By common consent we had that morning agreed altogether to eschew the subject of crime. Ever since it had happened we had discussed the great adventure so unceasingly that, as Berry had remarked at breakfast, it was more than likely that, unless we were to take an immediate and firm line with ourselves, we should presently get Grand Larceny on the brain, and run into some danger of qualifying, not only for admission to Broadmoor, but for detention in that institution till His Majesty’s pleasure should be known. For the first hour or two which followed our resolution we either were silent or discussed other comparatively uninteresting matters in a preoccupied way; but gradually lack of ventilation began to tell, and the consideration of the robbery grew less absorbent.

As we entered the Park at Stanhope Gate—

“Boy, aren’t you glad Adèle’s coming?” said Jill.

I nodded abstractedly.

“Rather.”

“You never said so the other night.”

“Didn’t I?”

“I suppose, if she comes to Southampton, you’ll go to meet her. May I come with you?”

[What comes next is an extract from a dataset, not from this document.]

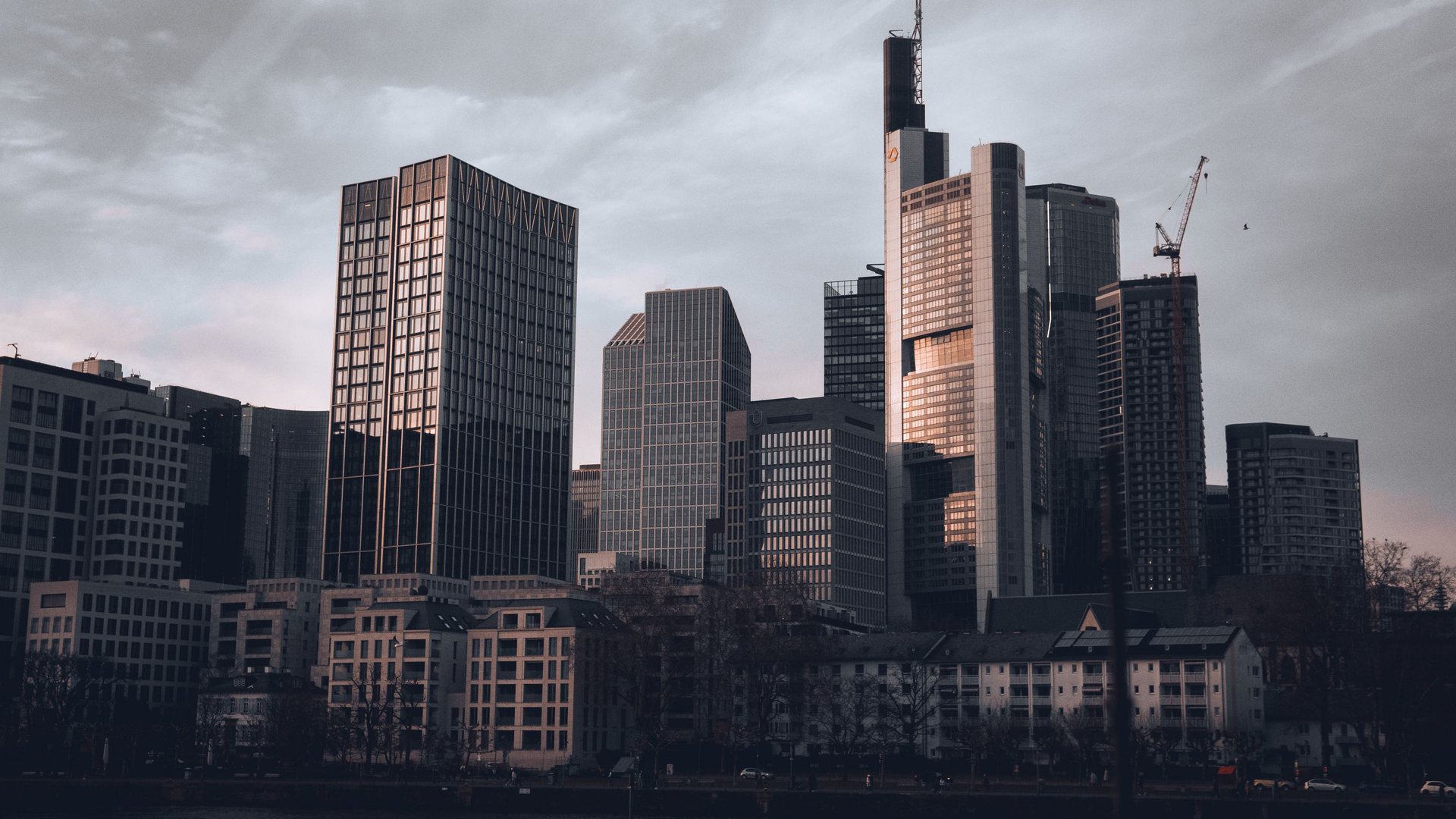 Frankfurter Bankenviertel in der Dämmerung über dem Main, Deutschland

“Good heavens, yes. Why shouldn’t you?”

“Oh, I don’t know. I thought, perhaps, you’d rather…”

I whistled to Nobby, whose disregard of traffic was occasionally conducive to heart failure. As he came cantering up–

“Adèle isn’t my property,” I said.

“I know, but…”

“But what?”

“I’ve never seen Nobby look so clean,” said Jill, with a daring irrelevance that took my breath away.

“I observe,” said I, “that you are growing up. Your adolescence is at hand. You are fast emerging from the chrysalis of girlish innocence, eager to show yourself a pert and scheming butterfly.” My cousin regarded me with feigned bewilderment. “Yes, you’ve got the baby stare all right, but you must learn to control that little red mouth. Watch Daphne.”